Change 11 – catching up

We’ve had five speakers of change11 and i thought it might be a nice time to try and pull some reflections together and maybe offer a point of departure for someone taking the course a little late. I myself haven’t had the time to devote to the course that I’d hoped in the beginning, and am trying to recommit myself now that the rest of my life has slowed down a bit.

Don’t know what the Change MOOC is?
If you’re just getting to the course now, and you’re wondering what all the fuss is about, the change MOOC is a 35 week journey through a particular cross section of educational and technology. All of the topics/people covered in this course are suggesting or pointing to some kind of development or change in learning.
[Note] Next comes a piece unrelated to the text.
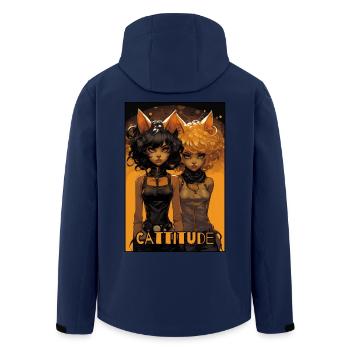 Cattitude : Deux filles chats - Veste softshell homme en polyester recyclé Stanley/Stella - marine - Dos - AI Model Male 185 light (185cm)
The course is an attempt at pulling the people responsible for those ideas together in the hopes that between the 2000 or so of us, we can create new connections and ideas. Each week a different speaker will come in to talk about their ideas.

Sound like a nice idea? Not sure what to do about it? Watch this video

The first five.
We’ve had five speakers so far. We’ve talked about mobile technologies, academic research going digital, collective learning, open content and practical approaches to technology implementation for better teaching. If that sounds interesting to you, you can go and check out the weeks that have passed, on the main course site at http://change.mooc.ca or, if you like, you can follow along with our ebook creation at http://change11.info.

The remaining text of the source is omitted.